Jean makes an important point here when she states,

"I'm thinking that should a parent choose to take a vow of poverty, they
should be required to perform community service in lieu of child
support.  Give back to the community that is supporting their child."

The state's interest here isn't making sure that a child receives
adequate food and shelter. That can be provided by the state. The
state's interest is money. Similarly, those of us who support religious
exemptions want the religious individual to be free to follow his or her
conscience -- but we are not particularly interested in providing a
religious individual secular benefits incidental to the granting of an
exemption. One way to simultaneously offset the state's increased costs
and reduce the secular benefit resulting from an exemption is to require
the religious individual to do community service -- or some other action
that serves the public good and disgorges the secular benefit he or she
has received.

Shameless plug. I have an article coming out soon exploring this general
issue in more depth.

Alan Brownstein






On Aug 14, 2006, at 12:30 PM, Volokh, Eugene wrote:

>       Well, recall that under Thomas v. Review Board, you don't need
> an "official" belief of any well-established religious group -- a
> person's idiosyncratic religious belief, if held sincerely, would
> qualify.  We thus can't simply say there's no substantial burden in  
> such
> cases, I think, though a strict scrutiny argument would always be
> available.
>
>       As to the argument that strict scrutiny is satisfied because
> otherwise the burden of supporting the child would fall on the
> government, and that would violate the Establishment Clause:  Can that
> be consistent with Sherbert, where the government was in fact required
> to support someone who for religious reasons refused to take a job  
> that
> would support herself?  The Court faced an Establishment Clause  
> argument
> there, and rejected it.

Good points, Eugene.  So conscience is the key here, not necessarily  
religious believe.  How does one prove sincerity of belief--is it the  
government's responsibility to disprove sincerity of belief, or is it  
the plaintiff's responsibility to prove sincerity?  I'm ignorant of  
"strict scrutiny";  I'm understanding that Washington State provides  
for individual cases in its constitution, and make exceptions?
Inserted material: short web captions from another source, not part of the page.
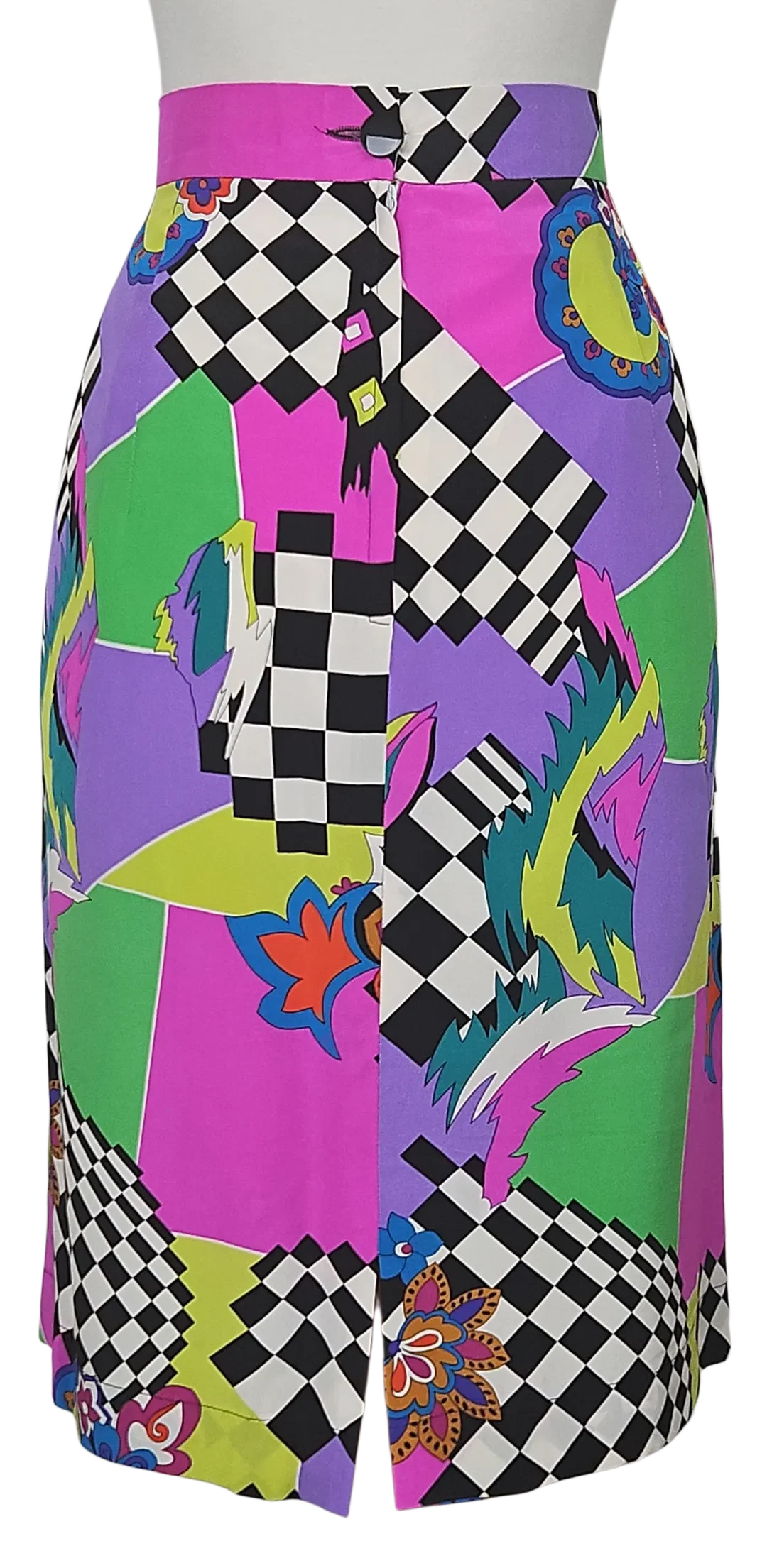 CM BY PABST Damen Rock, multicolor - Gr. XL  – Bild 2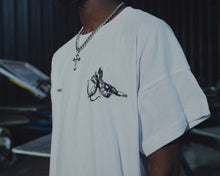 Cargar imagen en el visor de la galería, T-Shirt Heavyweight White Angels
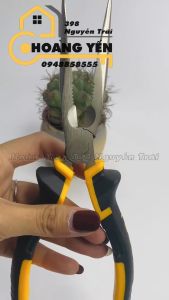 Kìm Mỏ Nhọn TOLSEN 10007 kích thước  8"/200mm Kìm Mỏ Nhọn - Hoàng Yến 398 Nguyễn Trãi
I'm still not convinced that Sherbert applies here:  Again, I'll  
plead ignorance of the case--did the plaintiff have children to  
support?  Frankly, I know I'm working this backwards.  I believe that  
regardless of sincere religious conviction, a parent (regardless of  
gender) should be not be relieved of the burden of financial  
responsibility to their child.  I'm thinking that should a parent  
choose to take a vow of poverty, they should be required to perform  
community service in lieu of child support.  Give back to the  
community that is supporting their child.

If that parent's right to strict scrutiny is being denied, by all  
means, that needs to be rectified.

Jean Dudley.
And thank you for educating me so far.